The following Monday I took him almost everything I had written until then.
For two weeks he told me nothing. During our conversations I was pleased with his encyclopaedic knowledge and with his intelligence. He was conversant or knowledgeable in so many things ranging from philosophy to politics, from art to science, from psychology to religion, and, of course, from literature to poetry. From our conversations I realised that I shared almost the same point of views with the person I had learnt to consider as being my teacher. The following week, for the second time, he approached the subject: “Don’t you want to know what my opinion of your work is?”
I felt like I was going to sink: “Sure! Of course!” I said eagerly.
“So why didn’t you ask me?”
“Because I’m afraid of your judgment. Moreover, simply because you haven’t spoken to me before now has convinced me that your opinion is that my work is useless. “
“I want to give you some advice. Don’t enter any more competitions. “
I felt like I was going to die. My doubts were changed into certainties. What I wrote was worthless or at least of very little value, and therefore, implicitly, his advice was to consider myself a writer no more.
“Got it”. - I said, mortified. - “I’ll stop writing.”
“You have understood nothing.”
He replied and, smiling, he added a sentence that satisfied me beyond all expectations. I will keep it forever in my heart, but my discretion has always prevented me from reporting it to someone else. However, encouraged by his exhortations then and his memory after his death, I have tried never to abandon my passion for Literature, Poetry, Philosophical Theory, Music and similar works.
In the mid-eighties I was elected President of a cultural association in my town. I accepted the post with enthusiasm because the organisation promoted new talents by publishing their literary works and offering them the chance to express their opinions through the medium of its magazine. It was a commitment which I could carry on for only a few years but which I give credit to for having made me find at least a few minutes to write every day.
I have always supported the idea that a life with no novelties is not worth living and maybe just because of this from time to time I have tried to create or take advantage of new situations. The last chance I had was when, going to the Russian consulate to get some information, I asked a young Russian tourist for some help. I soon found out that this same person was fond of literature. What could I do but marry her?

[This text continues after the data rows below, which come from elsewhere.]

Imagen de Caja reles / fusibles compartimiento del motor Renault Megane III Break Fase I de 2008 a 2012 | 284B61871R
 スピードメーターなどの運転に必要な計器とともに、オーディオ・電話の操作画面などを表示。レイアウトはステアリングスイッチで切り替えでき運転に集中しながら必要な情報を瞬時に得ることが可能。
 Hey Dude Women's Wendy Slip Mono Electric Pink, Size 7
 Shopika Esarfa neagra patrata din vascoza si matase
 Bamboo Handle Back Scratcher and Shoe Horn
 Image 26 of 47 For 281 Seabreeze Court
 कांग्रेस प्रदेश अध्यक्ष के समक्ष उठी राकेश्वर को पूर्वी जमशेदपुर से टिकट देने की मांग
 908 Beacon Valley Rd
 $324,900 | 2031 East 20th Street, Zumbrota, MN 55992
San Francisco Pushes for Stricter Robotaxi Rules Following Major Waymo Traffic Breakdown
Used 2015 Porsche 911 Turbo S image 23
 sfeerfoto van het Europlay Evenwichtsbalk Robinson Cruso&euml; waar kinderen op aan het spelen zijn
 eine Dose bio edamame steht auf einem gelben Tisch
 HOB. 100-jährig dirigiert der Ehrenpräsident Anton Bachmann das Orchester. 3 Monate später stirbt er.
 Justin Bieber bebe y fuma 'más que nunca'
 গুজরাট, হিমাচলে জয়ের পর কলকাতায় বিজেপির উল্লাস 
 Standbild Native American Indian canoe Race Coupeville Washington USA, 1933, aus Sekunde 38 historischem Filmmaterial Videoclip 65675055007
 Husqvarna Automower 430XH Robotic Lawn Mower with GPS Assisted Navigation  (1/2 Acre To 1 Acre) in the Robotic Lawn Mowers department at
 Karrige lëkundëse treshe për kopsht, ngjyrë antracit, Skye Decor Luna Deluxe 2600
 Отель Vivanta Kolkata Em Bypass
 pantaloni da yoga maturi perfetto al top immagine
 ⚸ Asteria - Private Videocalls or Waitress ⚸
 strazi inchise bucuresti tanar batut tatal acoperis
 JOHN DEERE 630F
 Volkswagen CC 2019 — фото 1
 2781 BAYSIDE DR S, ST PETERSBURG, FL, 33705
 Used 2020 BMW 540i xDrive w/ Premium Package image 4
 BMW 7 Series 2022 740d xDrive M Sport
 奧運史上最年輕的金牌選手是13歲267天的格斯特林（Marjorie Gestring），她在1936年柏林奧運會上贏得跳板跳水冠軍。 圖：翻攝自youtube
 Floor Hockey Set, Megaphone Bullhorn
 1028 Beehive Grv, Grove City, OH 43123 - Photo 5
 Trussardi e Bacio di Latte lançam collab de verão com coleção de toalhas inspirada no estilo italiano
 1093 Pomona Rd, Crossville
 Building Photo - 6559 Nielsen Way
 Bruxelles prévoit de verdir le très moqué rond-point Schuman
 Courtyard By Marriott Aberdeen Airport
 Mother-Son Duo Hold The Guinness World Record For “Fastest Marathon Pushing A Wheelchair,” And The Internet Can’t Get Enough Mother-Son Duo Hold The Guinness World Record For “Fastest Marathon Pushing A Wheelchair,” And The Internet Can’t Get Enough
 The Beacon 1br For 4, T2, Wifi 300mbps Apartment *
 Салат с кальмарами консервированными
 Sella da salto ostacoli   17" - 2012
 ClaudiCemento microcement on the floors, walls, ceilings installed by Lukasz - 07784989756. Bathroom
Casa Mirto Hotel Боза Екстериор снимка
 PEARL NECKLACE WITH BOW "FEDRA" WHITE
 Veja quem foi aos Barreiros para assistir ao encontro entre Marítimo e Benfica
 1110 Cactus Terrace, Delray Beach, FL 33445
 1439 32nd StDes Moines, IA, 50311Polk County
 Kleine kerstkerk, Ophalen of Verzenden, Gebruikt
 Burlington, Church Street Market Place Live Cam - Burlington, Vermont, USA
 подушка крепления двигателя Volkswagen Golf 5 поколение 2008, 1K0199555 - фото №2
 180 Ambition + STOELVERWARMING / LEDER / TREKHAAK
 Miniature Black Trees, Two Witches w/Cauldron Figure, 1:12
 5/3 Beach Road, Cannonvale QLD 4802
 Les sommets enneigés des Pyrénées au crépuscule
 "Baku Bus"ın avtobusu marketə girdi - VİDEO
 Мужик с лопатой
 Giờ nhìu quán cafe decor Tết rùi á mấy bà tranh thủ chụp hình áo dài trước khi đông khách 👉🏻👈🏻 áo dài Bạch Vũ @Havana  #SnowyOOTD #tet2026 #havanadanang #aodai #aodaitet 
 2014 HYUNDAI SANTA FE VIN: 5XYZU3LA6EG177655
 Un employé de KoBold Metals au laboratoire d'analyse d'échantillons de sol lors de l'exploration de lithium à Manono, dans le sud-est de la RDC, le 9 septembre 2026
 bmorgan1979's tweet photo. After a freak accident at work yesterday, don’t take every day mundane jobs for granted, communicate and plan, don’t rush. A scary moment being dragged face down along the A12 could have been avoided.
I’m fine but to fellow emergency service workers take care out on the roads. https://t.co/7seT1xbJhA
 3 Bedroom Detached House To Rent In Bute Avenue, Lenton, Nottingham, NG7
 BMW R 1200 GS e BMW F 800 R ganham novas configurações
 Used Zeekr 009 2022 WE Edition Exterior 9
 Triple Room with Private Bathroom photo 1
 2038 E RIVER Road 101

However, today, thanks to a chain of events, not least as a result my marriage, I am at last able to put Montale’s urgings into practice and I am able to write full time. Furthermore, I am sure that it is consequential that I often have the sensation that he himself is pleased because I’ve continued to follow his advice.
And now, roving the intricacies of my mind, I get inebriated by space, formulating theories that recklessly try to stretch out their hands to embrace those who desire to think, to know, to understand. Just as I try to do too.